Problem —
What is needed is an exact reproduction of the listing, without its pictures.

*** Opening Source material ***

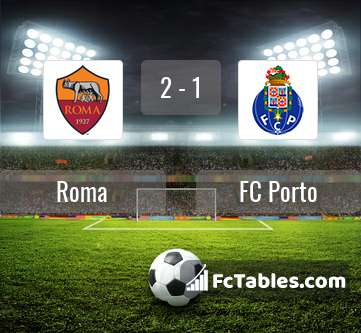 Podgląd zdjęcia AS Roma - FC Porto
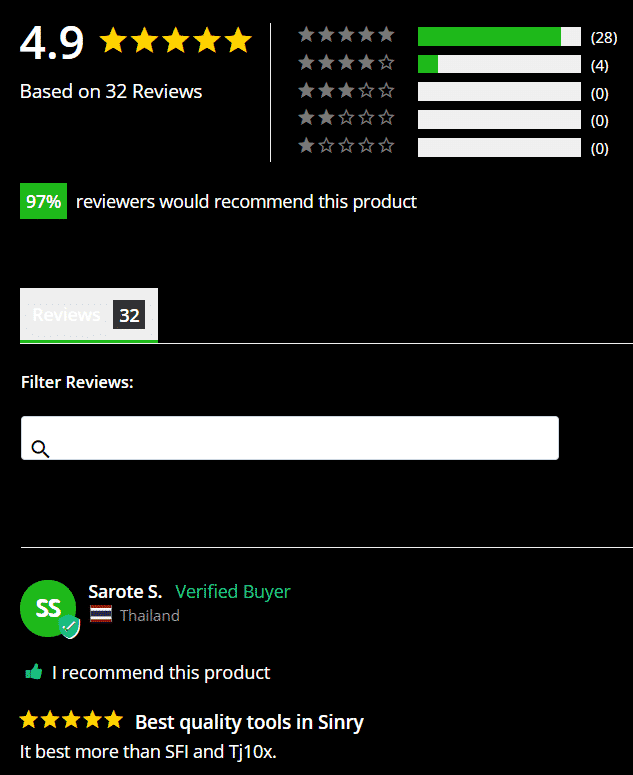 Customer reviews for Scalp Pro Indicator on its official site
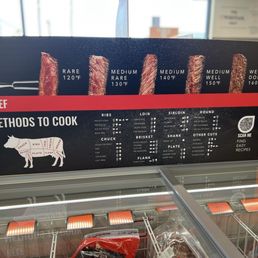 Beef  Display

*** Closing Source material ***

Exercise result —
 Podgląd zdjęcia AS Roma - FC Porto
 Customer reviews for Scalp Pro Indicator on its official site
 Beef  Display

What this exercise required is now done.